Then, Dec 5, 1975 came and after seeing that wintertime Tulsa tornado
I had hired a new meteorologist and it was her first day on the job at KARD TV (now KSNW) in Wichita. I was showing her how to operate our WSR-74C and explained that, "the storm over Tulsa is real trouble." That was still in the day of the 55 word/minute teletypes that did not carry storm warnings from out-of-state (other than the counties that actually touched the Kansas border). When they went to a high-speed weather wire, which would allow tornado warnings from out-of-state, the Kansas Association of Broadcasters -- opposed adding them!

All of this is progress is completely taken for granted now -- which is both fine and understandable -- but it is hard to imagine how hard some of us had to fight to make advances in the decade of the 1970's, which may have been the single most important decade in terms of progress in weather forecasting and storm warnings.

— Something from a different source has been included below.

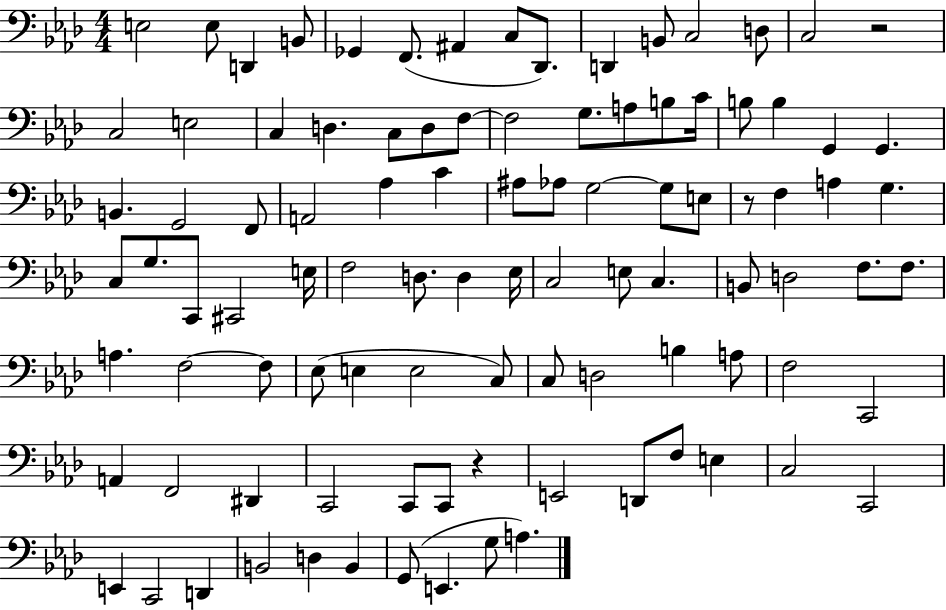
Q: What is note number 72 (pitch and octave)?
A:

Fujita's work, because of envy, was soundly rejected. Almost no one believed he was correct about suction vortices (as he called them), the Fujita Scale and, especially, downbursts. Some meteorologists at NSSL openly mocked Fujita. While on a different topic than meteorology, a woman by the name of Virginia Postrel wrote a book, The Future and Its Enemies -- the title pretty well described the 70's in weather science.